Watch Tim Anderson come in on a softly hit ball to short, where he has to pick it and throw on the run, off balance. It’s as smooth as silk. It’s ballet. Observe Tim Anderson sit on a 2-0 fastball when he knows the 2-0 fastball is coming. His bat speed is legitimate and yes, he has the ‘launch angle’ all you kids are so fond of. Ever seen Tim Anderson hit a triple? Once he rounds first base, it’s like watching an Olympian about to break the tape. He is gifted.

There is also a guy named Tim Anderson who walks to the dugout after strike three, even when he knows the catcher has dropped the ball. This Tim Anderson also swings at breaking balls literally 6, 7, 8 inches off the outside corner. He often appears to have no approach at the plate. His footwork on in-between hops, despite his athleticism, is often clumsy and sets him up to mishandle the hop or launch the throw to first flat-footed.

So, who is Tim Anderson? Future star or pedestrian starting shortstop on a non-contending team? I am so rooting for the former. I like Tim Anderson. There are too few African-American major league players today. The last numbers I read hovered around 7 to 8% of Major League Baseball. Think of the influence he could have on young African-American baseball players in this city.

Tim, I want you to succeed. 2018 is the year.

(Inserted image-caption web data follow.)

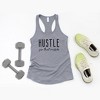 Simply Sage Market Women's Hustle For That Muscle Graphic Racerback Tank - 3 of 3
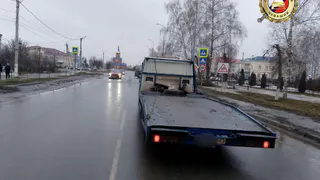 В Батырево 9-летняя девочка получила травмы, перебегая дорогу в неположенном месте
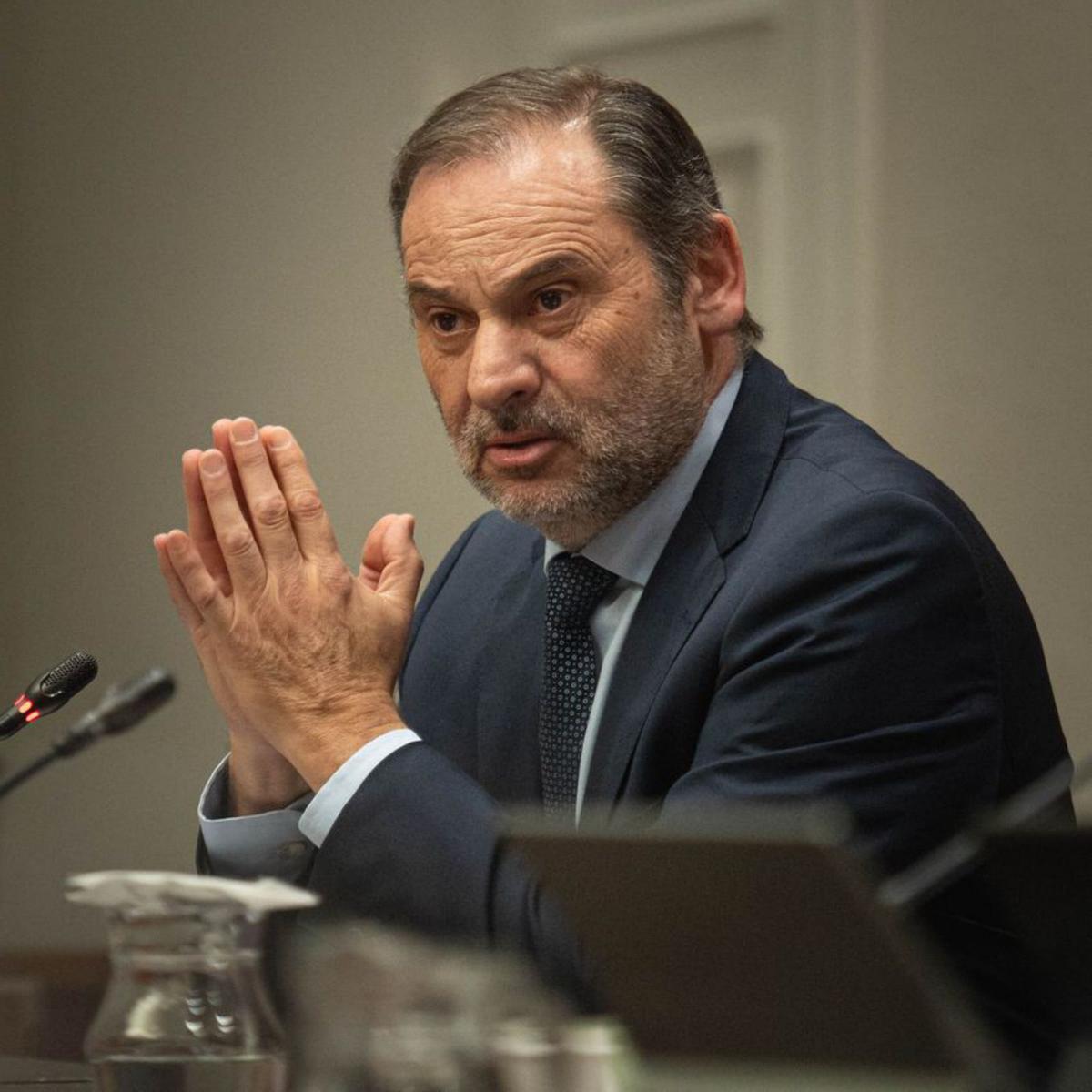 Ábalos va acudir a Aldama per arreglar un problema als baixos de casa seva Ábalos va acudir a Aldama per arreglar un problema als baixos de casa seva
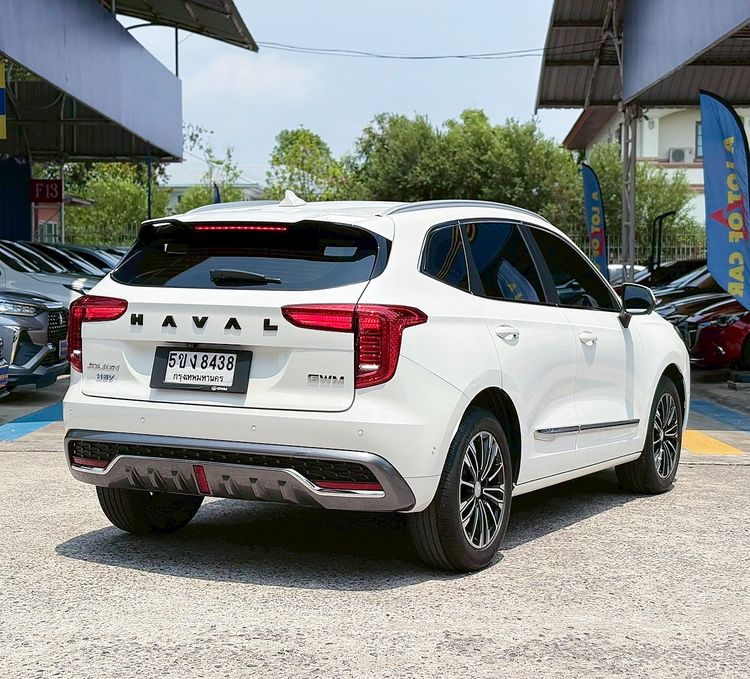 GWM Haval Jolion 2023 1.5 HEV Ultra Sedan ไฮบริด ไม่ติดแก๊ส เกียร์อัตโนมัติ ขาว รูปที่ 3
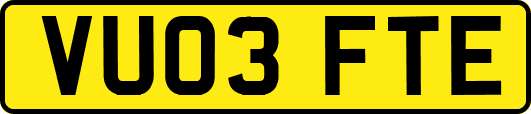 VU03FTE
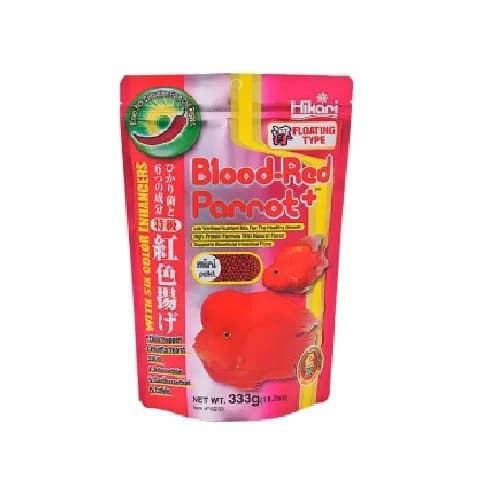 HIKARI BLOOD RED PARROT MED 11.7oz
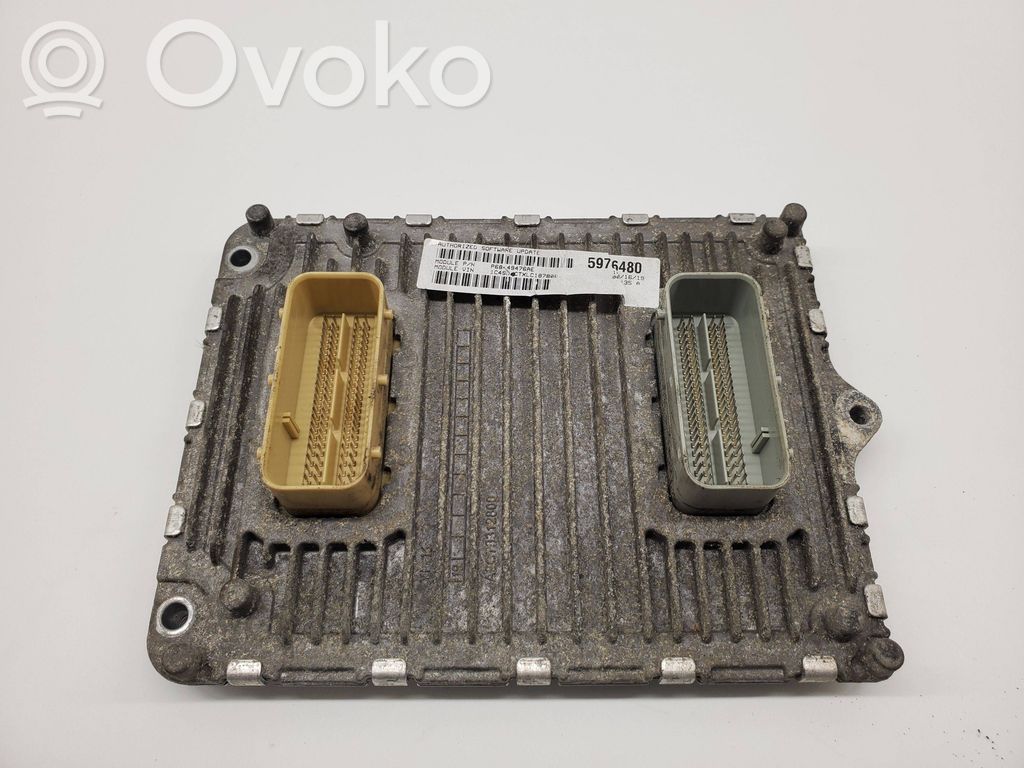 Motorsteuergerät/-modul   P68434934AA,68449476AE,T00HP1989HM3X4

3B Yolmer Sanchez (Leury Garcia, Matt Davidson, Nicky Delmonico, Jake Peter):

Ok, ok. I am wearing my indecisiveness here, but I have an explanation. I LOVE me some Yolmer Sanchez. Why? Because he’s the guy on any baseball field in the U.S., Venezuela, the Dominican Republic, Cuba, Colombia, or Japan that you root for wholeheartedly. He seems to outplay his skill set. He always hustles. It looks like he is having as much fun as the five year old kid that plays tee ball just for the post game Swedish Fish!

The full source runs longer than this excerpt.